I would like the lines below, from the one with "A 19th century" through the one with "top-down view of", copied exactly and without any pictures.

> _Extracted information_
........

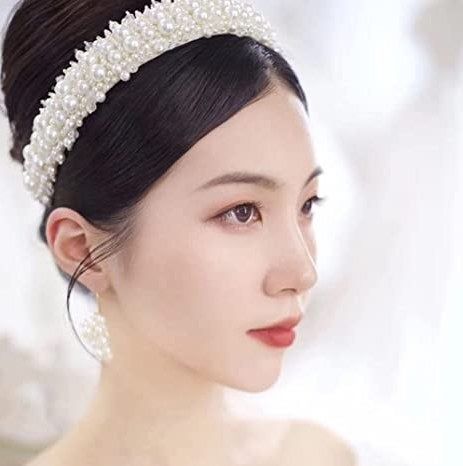 A model styling the pearl statement headband.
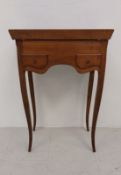 A 19th century French Provincial fruitwood sewing or vanity table with fitted interior on cabriole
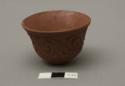 Miniature red pottery cup with incised scroll design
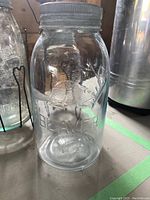 Single Beaver jar showing embossed logo and metal screw band lid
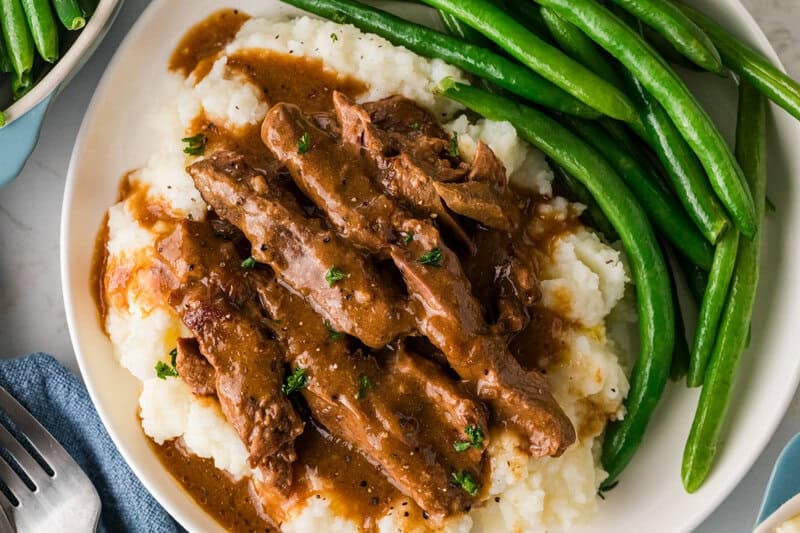 top-down view of the Steak and Gravy served on a bed of mashed potatoes.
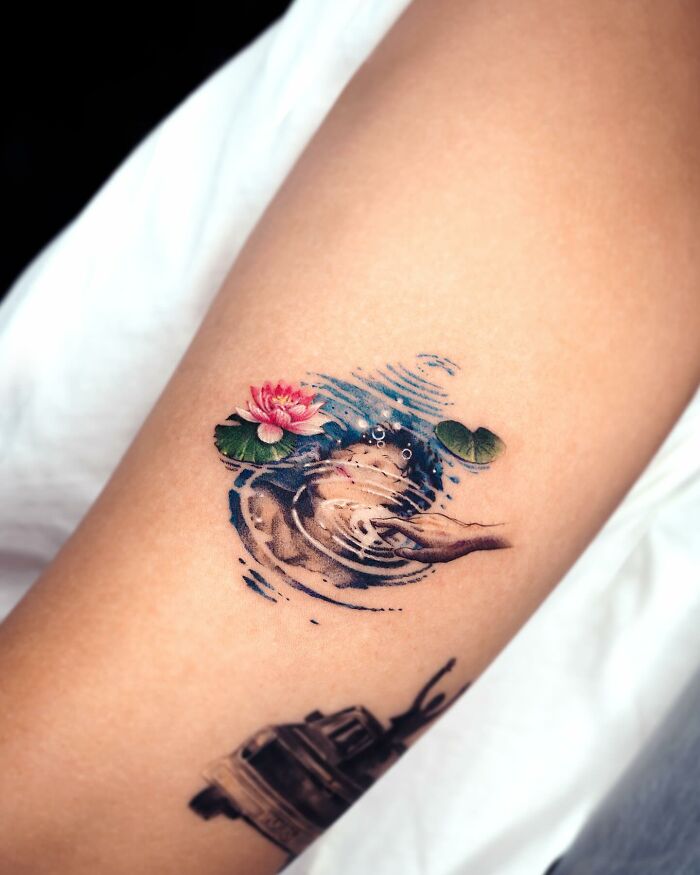 Realistic tattoo of a hand touching water with a lily pad and flower on skin.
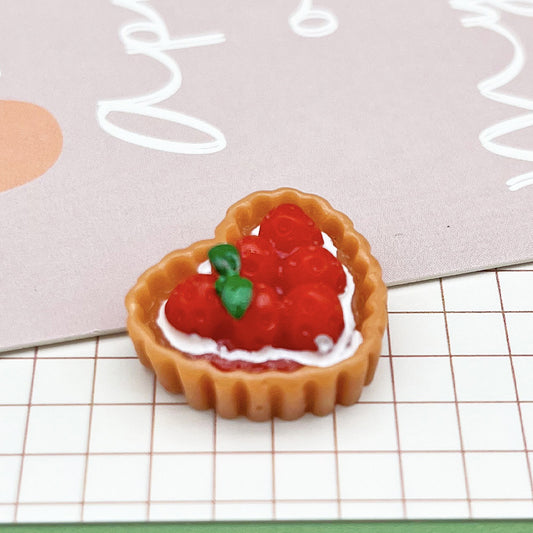 One heart-shaped tan tart with red berry topping, white cream rim and small green leaf.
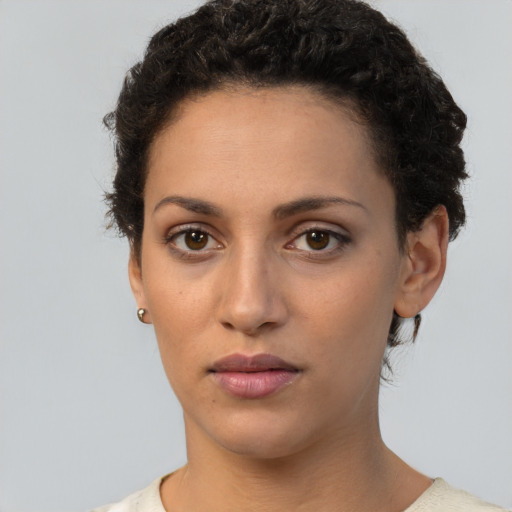 Neutral white young-adult female with short  brown hair and brown eyes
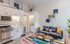 Charming open-plan studio boasting a modern kitchenette, cozy lounge with colorful accents, and in-unit washer and dryer.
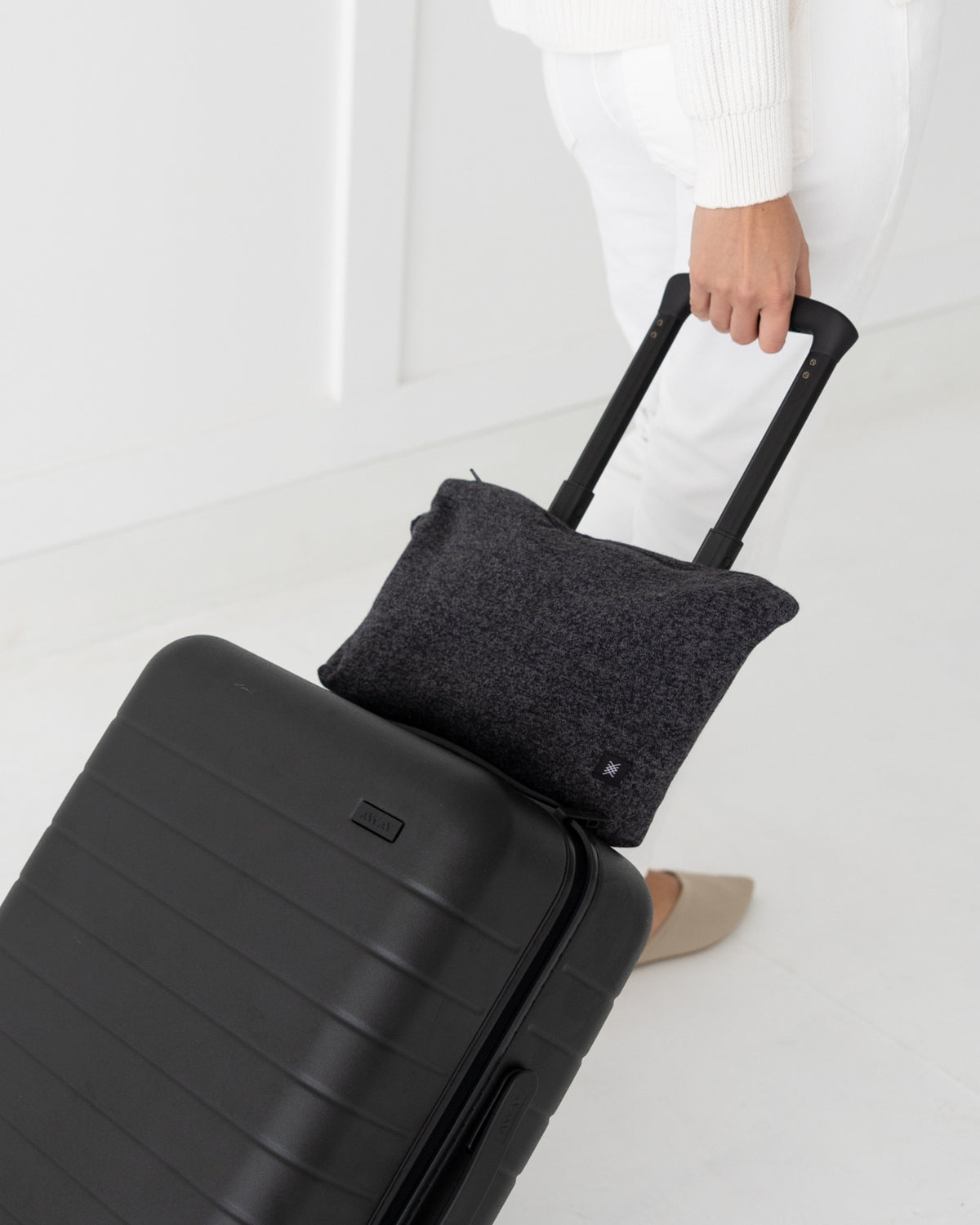 Woman pulling a suitcase with Graphite Carry Pouch, which is a gray carry pouch, attached over the suitcase handle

........

> _Finished exercise_
 A 19th century French Provincial fruitwood sewing or vanity table with fitted interior on cabriole
 Miniature red pottery cup with incised scroll design
 Single Beaver jar showing embossed logo and metal screw band lid
 top-down view of the Steak and Gravy served on a bed of mashed potatoes.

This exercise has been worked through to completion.